Дина ответила ему улыбкой и вдруг подхватила тему:
– У меня было много свиданий, но они перестали подходить под форму моего сердца. И я не жалею, что их со мной нет.
Рон взглянул не свою спутницу с каким-то странным выражением, – Дина не могла считать все смыслы, но ей показалось, словно Рон смотрит не только на нее, а куда-то совсем вглубь, словно он смотрит в самого себя.
– И ты теперь ходишь пешком? – Рон вернул тихую постоянную улыбку в разговор.
– Да, я теперь много хожу пешком.
– А не пойти ли нам тогда к местным прудам? Я хотел предложить выпить пива, но, может, сразу пойдем туда?
– Нет, отчего же, я выпью пива, – Дина даже немного повысила голос. – Дома нельзя… не то чтобы нельзя, я уже взрослая. Но бабушка напрягается.
– Пиво – значит пиво, зайдем в «Барнис»?
– Барнис знают все, – Дина заметно повеселела. – Мы там встретим кучу знакомых.
– Тебя это волнует? Ты переживаешь? – Рон остановился и посмотрел на Дину. Лохматые рыжие кудри из-за влажного вечернего воздуха образовали на его голове целый лес. Дина подумала, что в этом лесу красиво смотрелись бы бриллиантовые бабочки… ее воображение обладало редкой кинематографичностью, Дина начинала видеть картинку, дополняющую реальность, и память потом сохраняла эти причудливые кентаврические моменты. В рыжих завитках на голове Рона блестели и взмахивали крыльями бриллиантовые бабочки.

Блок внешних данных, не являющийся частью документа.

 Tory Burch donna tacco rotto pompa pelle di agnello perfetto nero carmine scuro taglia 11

Рон смотрел на Дину из отблесков их маленьких крыльев.
– Не то чтобы, – Дина не знала, как ответить честно и в то же время не расстроить Рона. – Когда мы встречались с Эйкеном… ну, когда он был моим парнем, ходили вместе везде… – Дина набрала воздуху в легкие и наконец сказала, – он не отказывался от внимания других девушек.
– В смысле?
– В прямом. Ты хочешь меня об этом послушать? Правда?

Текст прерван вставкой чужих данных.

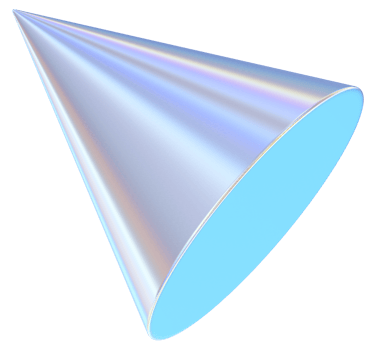 Cone 3D abstract shapes illustration with chrome effects png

– Почему бы мне не послушать, тем более что тебя, похоже, до сих пор это волнует.
Дина вспыхнула.
– Мы расстались, ты же знаешь.
– Я не об этом, – Рон говорил мягким голосом, который – как кошачьи лапки – мял что-то в самом сердце Дины. И успокаивал. – Можно расстаться с человеком, но унести с собой много подарков, в том числе какие-то невыговоренные вещи, типа такой. Поговори со мной, я умею слушать.